After a quick wander down the street (yes, there is Starbucks on the street – it’s just that seedy), and deciding it wasn’t for us, we opted to stay on Soi Rambrutti – a quieter street about 10 minutes and a world away.
Thailand has the unfortunate reputation of being a sex tourism destination. Though prostitution is technically illegal in Thailand, authorities seem to turn a blind eye to it, while it is openly practiced all across the country. Chalk it up to naivety or a desire not to see, but I didn’t actually witness too much of this in Bangkok…not even on Khao San Road. Perhaps it’s because Bangkok is a large city, where it’s easy to hide or keep it contained to certain areas.
My illusion was shattered the moment we arrived in Hua Hin, a beach resort town approximately 200 km south of Bangkok. Walking into the town from the bus depot, we saw many young women flirting and giggling with older men (which we later found out were mostly from Denmark, Norway and other northern European countries). This was the norm throughout the town, and the behaviour was as blatant in Hua Hin as this sign advertising “special” massages for men.
There was so much of this kind of thing going on in Hua Hin, that we didn’t ever feel fully comfortable there. So, after feasting on freshly caught seafood (which Hua Hin is famous for), we made a quick exit to our next destination.

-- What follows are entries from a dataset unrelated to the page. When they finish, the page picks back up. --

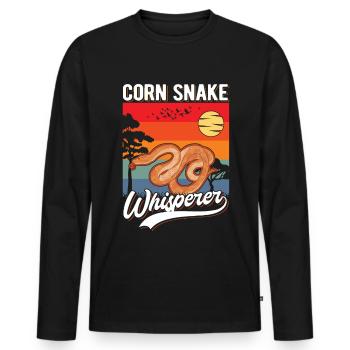 Kornnatter Flüsterer Corn Snake Whisperer - Men's Premium Organic Long Sleeve Shirt - black - Front - Nico (187cm)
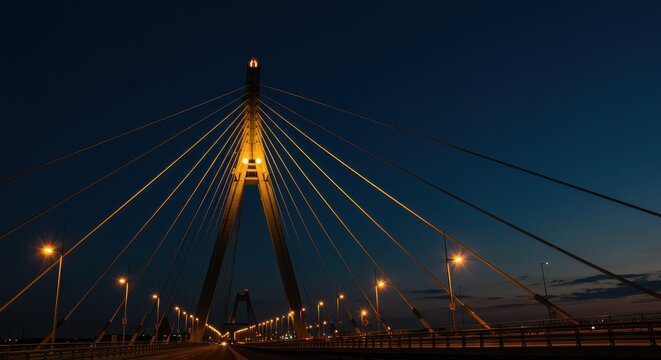 Illuminated cable-stayed bridge structure stands prominently against the deep twilight sky - Powered by Adobe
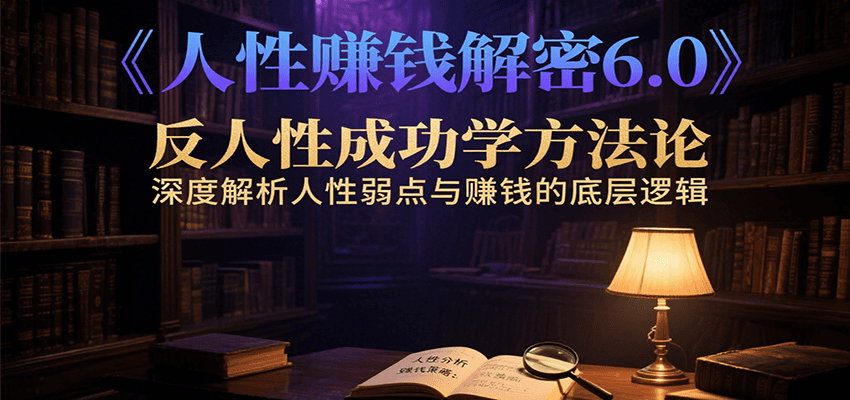 人性赚钱解密6.0，反人性成功学方法论，深度解析人性弱点与赚钱的底层逻辑-偏门项目网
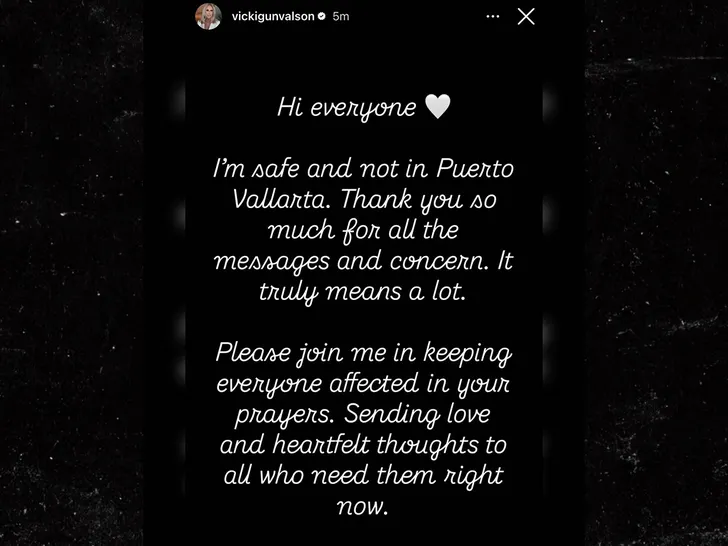 Screenshot of Vicki Gunvalson's Instagram Story saying she is safe and asking for prayers amid unrest in Puerto Vallarta.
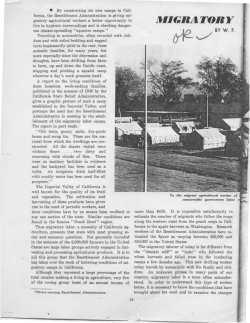 Migratory Labor Camps. - California State University, Bakersfield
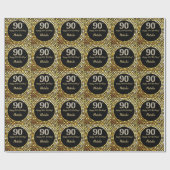 Papier Cadeau Joyeuse 90e anniversaire Parties scintillant noire (Plat)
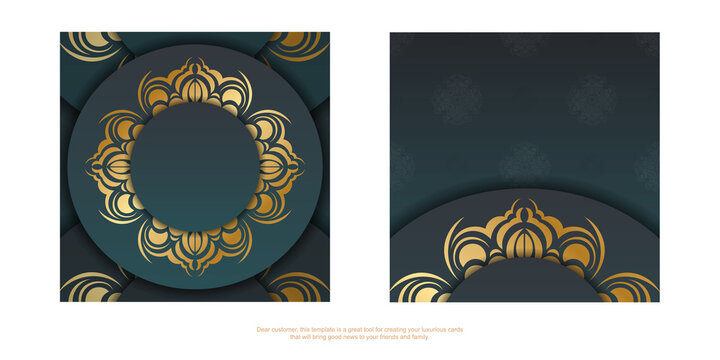Green gradient color brochure with abstract gold ornament for your brand.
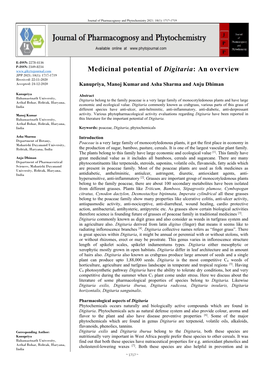 Medicinal Potential of Digitaria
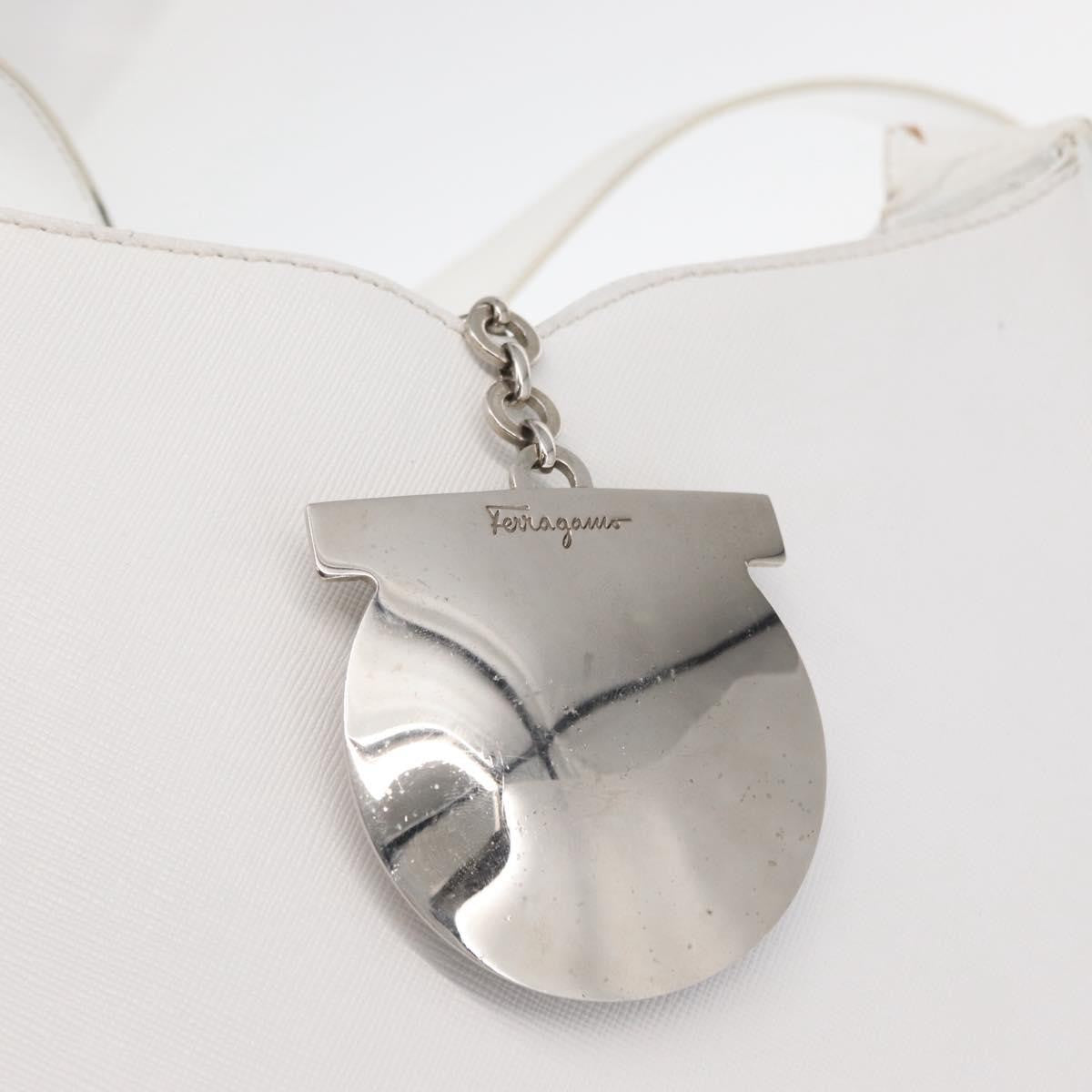 Salvatore Ferragamo Gancini Shoulder Bag Leather, WHITE, LEATHER, Shoulder bag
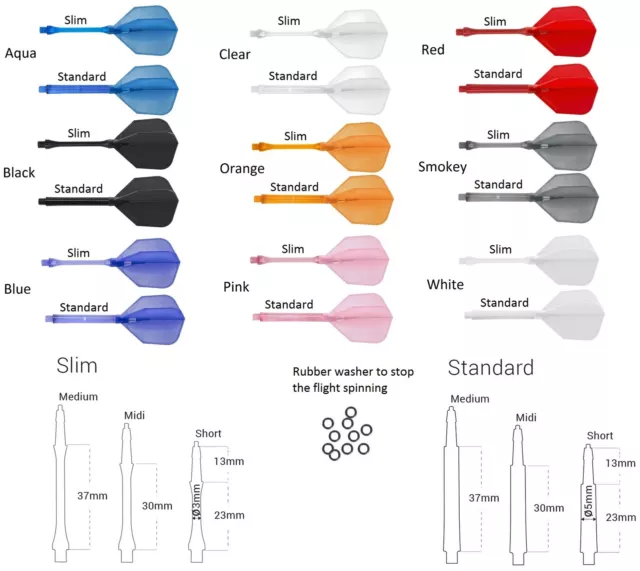 Harrows CLIC System - Dart Flights and Stems - Choose from 9 Colours and 3 Sizes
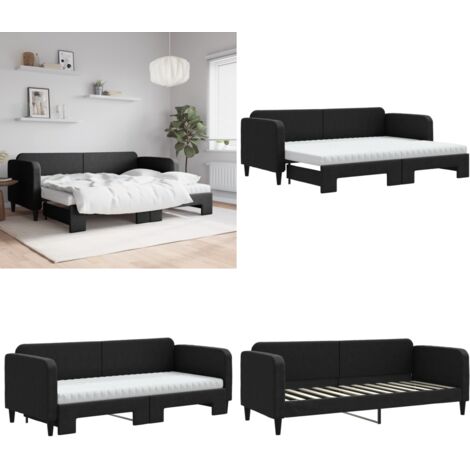Sofá cama nido con colchón tela negro 80x200 cm - Cama nido - Sofá cama 2 en 1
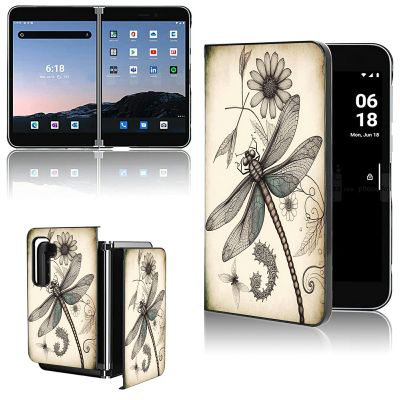 AIRWEE for Microsoft Surface Duo 2 Case for Women Men, Ultra Slim Hard PC Shookproof Fold Case Protective Cover for Microsoft Surface Duo 2 2nd 2021,Flower Dragonfly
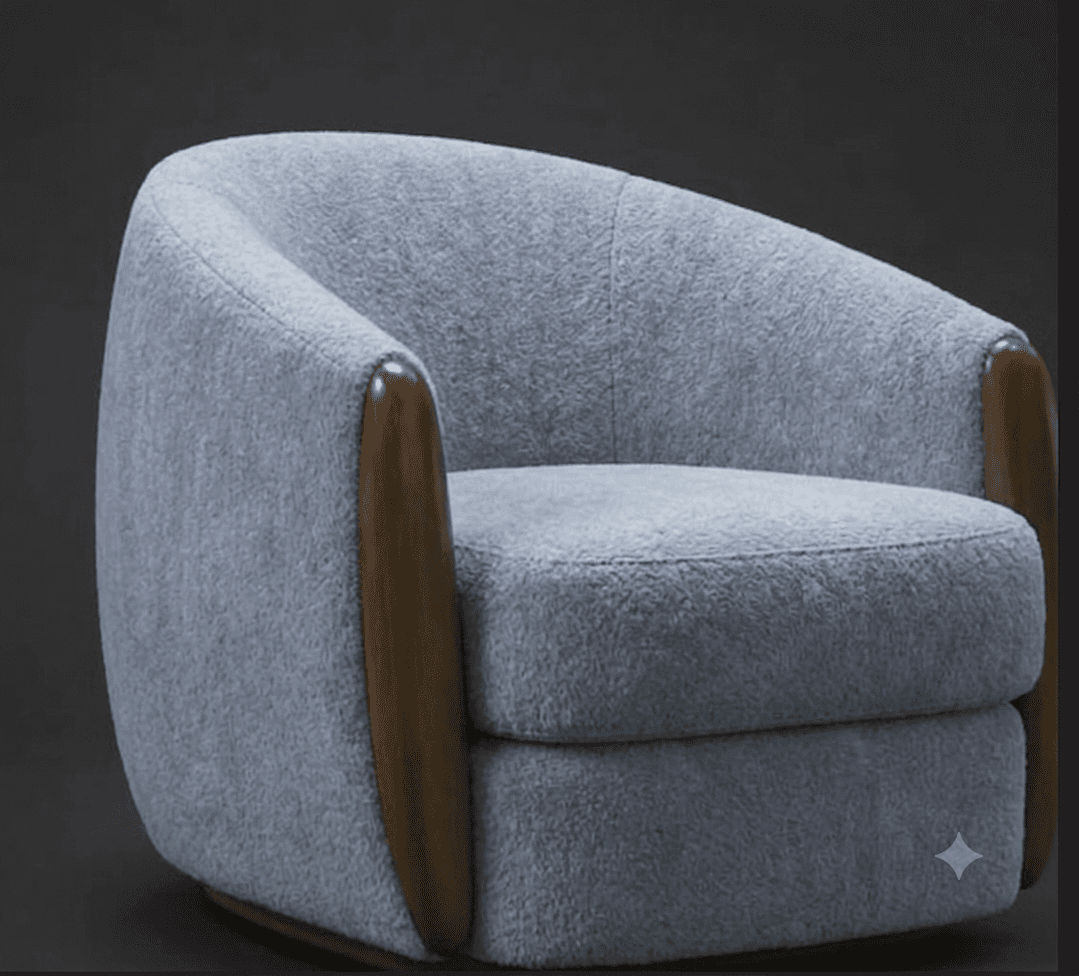 A compact, upholstered lounge chair featuring a rounded, barrel-like back and integrated armrests. I… — 3D model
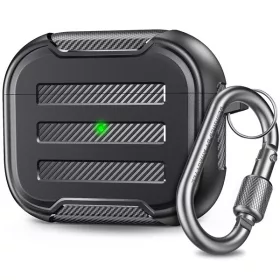   Phoner Carbon Apple Airpods 3 szilikon tok akasztóval, fekete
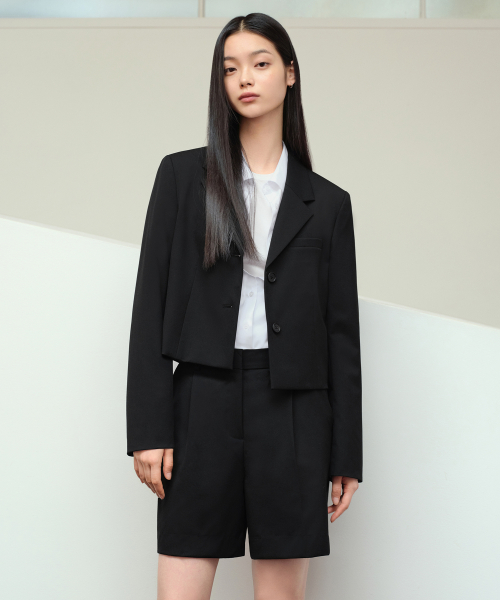 우먼즈 크롭 블레이저 [블랙]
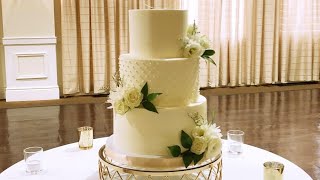 Simple White Wedding Cake 4  Cheater Swiss Dot Wedding Cake  Cake Decorating Tutorial [upl. by Mendive]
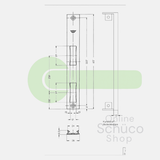 Schuco sluitplaat 221 mm - 208426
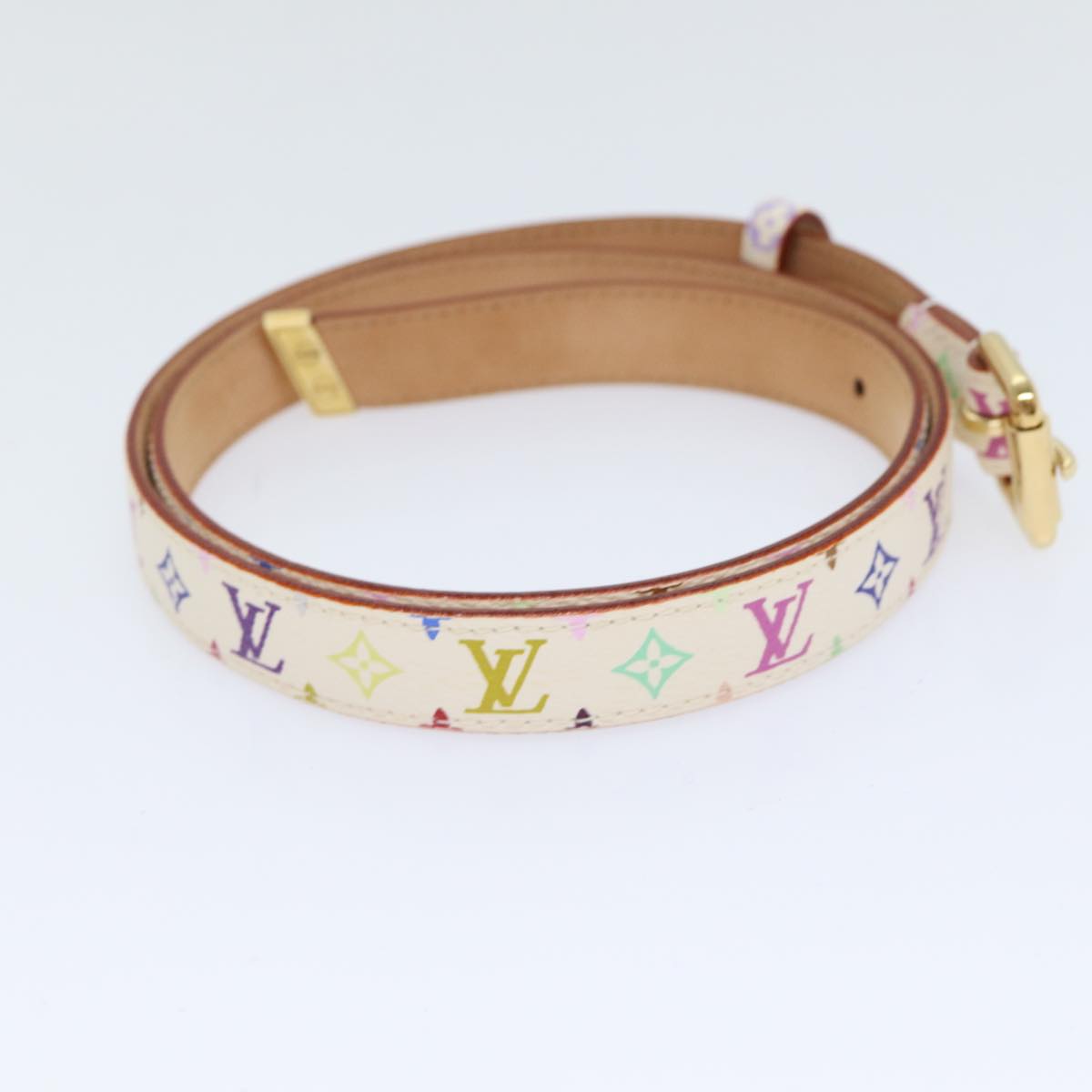 LOUIS VUITTON Monogram Multicolor Ceinture Carre Belt White M9272W yk14842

The beaches of Thailand are brilliant blue expanses where you can serenely pass day after day, without overly damaging the wallet. Thailand is one of the world’s top travel destinations, and the reason why is epitomized in the next 3 photos.
Our first stop on the Thai beach circuit was Koh Phayam, a tiny little island (10km x 5km) on the west side of the Thai peninsula. We spent most of our time in Koh Phayam swaying in a hammock, reading, or resting by the tranquil sea.
Our next stop was Koh Tao, an island in the Gulf of Thailand. With crystal clear waters and a plethora of diving schools concentrated on the island, people from all over the world converge there to get PADI certified at bargain rates. We didn’t do any diving, but instead whiled our days away on these huge rocks, basking in the sun like oversized seals. Blissful.
Our last stop before settling in Seoul permanently, was “Full Moon Party,” island Koh Phangan. While the ‘party’ was noisily happening on neighbouring beach, Haad Rin, we were walking on these creaky wooden bridges over the waters of isolated Haad Yuan, and I don’t regret missing the party one bit.